━━ Entries provided ━━

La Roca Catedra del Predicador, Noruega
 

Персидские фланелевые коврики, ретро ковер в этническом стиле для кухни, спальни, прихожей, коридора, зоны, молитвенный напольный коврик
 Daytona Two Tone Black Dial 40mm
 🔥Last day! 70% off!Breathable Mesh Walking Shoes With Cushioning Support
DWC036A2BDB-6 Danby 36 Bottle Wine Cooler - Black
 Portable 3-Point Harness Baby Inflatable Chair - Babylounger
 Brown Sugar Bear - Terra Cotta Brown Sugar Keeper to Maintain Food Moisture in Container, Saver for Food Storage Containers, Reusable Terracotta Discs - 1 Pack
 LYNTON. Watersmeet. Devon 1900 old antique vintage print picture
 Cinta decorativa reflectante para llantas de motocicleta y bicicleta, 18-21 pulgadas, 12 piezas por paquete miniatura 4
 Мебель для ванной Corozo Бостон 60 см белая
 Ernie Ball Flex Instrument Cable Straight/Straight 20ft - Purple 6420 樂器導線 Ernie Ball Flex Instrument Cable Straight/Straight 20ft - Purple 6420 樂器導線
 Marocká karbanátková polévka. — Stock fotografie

━━━

**Description of the task**
Restate the data word for word, leaving nothing out.

**Response box**
La Roca Catedra del Predicador, Noruega
 

Персидские фланелевые коврики, ретро ковер в этническом стиле для кухни, спальни, прихожей, коридора, зоны, молитвенный напольный коврик
 Daytona Two Tone Black Dial 40mm
 🔥Last day! 70% off!Breathable Mesh Walking Shoes With Cushioning Support
DWC036A2BDB-6 Danby 36 Bottle Wine Cooler - Black
 Portable 3-Point Harness Baby Inflatable Chair - Babylounger
 Brown Sugar Bear - Terra Cotta Brown Sugar Keeper to Maintain Food Moisture in Container, Saver for Food Storage Containers, Reusable Terracotta Discs - 1 Pack
 LYNTON. Watersmeet. Devon 1900 old antique vintage print picture
 Cinta decorativa reflectante para llantas de motocicleta y bicicleta, 18-21 pulgadas, 12 piezas por paquete miniatura 4
 Мебель для ванной Corozo Бостон 60 см белая
 Ernie Ball Flex Instrument Cable Straight/Straight 20ft - Purple 6420 樂器導線 Ernie Ball Flex Instrument Cable Straight/Straight 20ft - Purple 6420 樂器導線
 Marocká karbanátková polévka. — Stock fotografie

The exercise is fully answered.